The Impact of Federal and State Legislation on Renewable Energy Development for Consumer-Owned Utilities
by Nebraska Governor Mike Johanns
August 21, 2000

Nebraskans have witnessed first hand the effect developing a renewable energy industry can have in rural areas. Our efforts to build an ethanol industry have clearly demonstrated that harnessing renewable energy for economic development can have long-term positive benefits.

For a state like Nebraska, the production of energy from wind and biomass could be another road to success. I see it as the equivalent of Wyoming coal, Kansas gas or Oklahoma crude. Each state is simply making the most of the resources within its boundaries. And for us, wind and biomass crops may be the ticket to success.

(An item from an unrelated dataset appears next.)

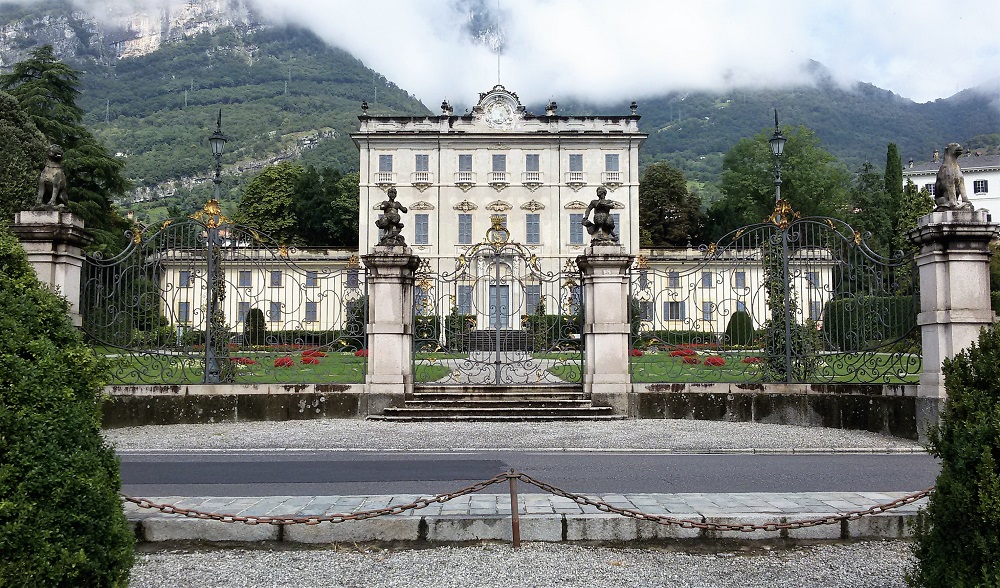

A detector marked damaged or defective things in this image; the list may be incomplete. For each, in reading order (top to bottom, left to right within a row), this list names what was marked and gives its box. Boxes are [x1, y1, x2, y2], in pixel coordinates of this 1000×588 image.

rusty chain barrier [121, 470, 932, 540]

However, the impacts of an ethanol plant differ considerably from a wind farm. Just look at these facts:

  • A farmer who leases a quarter acre of cropland to the local utility as a site for a wind turbine can typically earn $2,000 a year in royalties from the electricity produced. In a good year, that same plot can produce $100 worth of corn.
  • In Nebraska, an acre of rangeland typically produces only $20 worth of beef a year. An acre planted in wheat may yield $120.
  • The attraction of wind power is obvious. For ranchers with prime wind sites, income from wind could easily exceed that from cattle sales.
  • One of the attractions of wind energy is that the turbines scattered across a farm or ranch do not interfere with the use of the land for farming or cattle grazing.
  • Another factor is that much of the income generated stays in local communities, whereas the money spent for electricity from a coal plant may go to Wyoming.
  • With a single large turbine generating $100,000 or more worth of electricity a year, harnessing local wind energy can revitalize rural communities.
  • Not only do the wind farms themselves provide income and jobs, but in some areas, manufacturing facilities may follow. That's been the case in Illinois and North Dakota. In Nebraska, we hope a market will develop for Valmont's turbine-supporting towers.

In looking further down the road, inexpensive, abundant electricity from wind could be used to electrolyze water, thereby producing hydrogen — which some believe will become the "gasoline of the future." With automobiles powered by fuel cell engines expected on the market within a few years, and with hydrogen as the fuel of choice for these engines, a huge new industry could sprout on the Plains next to our ethanol plants and wind turbines. Wouldn't that be a sight for sore eyes? Talk about hitting a renewable energy trifeca! And don't forget that ethanol could also be used to power fuel cells.